15
「だらっっしゃああああああああああああああ!」
神奈先輩の絶叫とともに、その渾身のドロップキックが勇者カルガオーの後頭部に炸裂した。
「ぐおおっ?!」
「わぷっ?!」
カルガオーは前にのめるように倒れ、その真ん前で黒の波動を放っていた魔王アナスタシアも当然、巻き込まれる。
黒の波動が止まった。
ずおっと、上から下へ、活力というか『生命力』とでも言うべきものが戻ってくる。と同時に、それが先程まで奪われていたことを実感して心寒くなる。
どさどさっと後方でチャコさんたちが倒れ込む。距離があったとはいえ彼女らは勇者でも異世界人でもない普通の人だ。黒の波動のプレッシャーは俺たち以上に感じていたのだろう。ぜいぜいと息はついているようなのでとりあえず安心する。

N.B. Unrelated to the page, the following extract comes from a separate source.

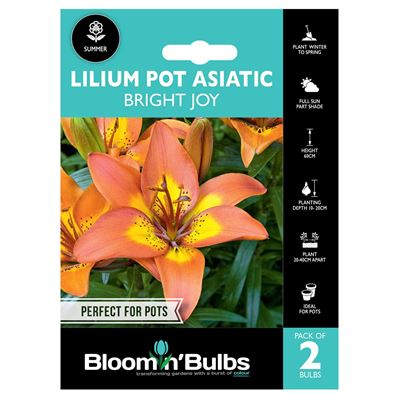 Picture of LILIUM BRIGHT JOY 2pk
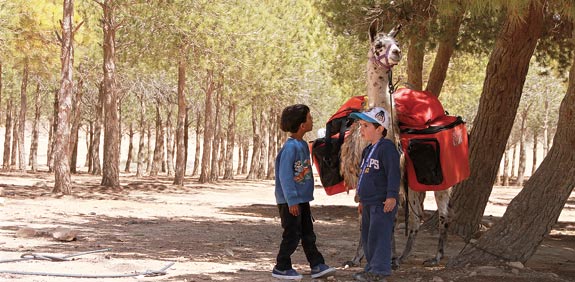 חוות האלפקות / צילום: אורלי גנוסר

それよりも、今は魔王の動向だ。あとドロップキックした先輩。
「早く起きろ! 重いぞ!」
勇者の下敷きになって顔を真っ赤にした魔王がぺしぺしとカルガオーを叩くと、一瞬意識が吹っ飛んでいたらしい勇者はうーん、と唸って起き上がった。
「む? 何だこの柔らかい感触は……」
「どこを触っているのだアホ!」
むろん起き上がりざまのラッキースケベも欠かさないカルガオー。そういう無駄なところだけラブコメ体質な奴だな。
とまれ、先輩の判断はナイスだった。
魔王を攻撃しても、少なくとも一撃で割れるとは思えない。かといって勇者を割ってしまっても魔王の怒りに火をそそぐだけだろう。得物を使わずに割る心配のない肉弾戦で勇者をふっ飛ばし、魔王を巻き込んだのは最善手と言うほかなかった。
このままうまくラブコメ空間に引き戻して、『はあ、怒る気も失せた』とかなんとか言わせる展開になれば、丸く収まるんじゃなかろうか。
などと思っていたら、さらに神奈先輩の右回し蹴りがしゃがんだままのカルガオーの側頭部に炸裂した。
「ぬわーーーーっ!」
ある意味勇者らしい叫び声を上げて吹っ飛ぶカルガオー。得物での攻撃でなくとも痛いものは痛い。今のはかなり効いただろうな。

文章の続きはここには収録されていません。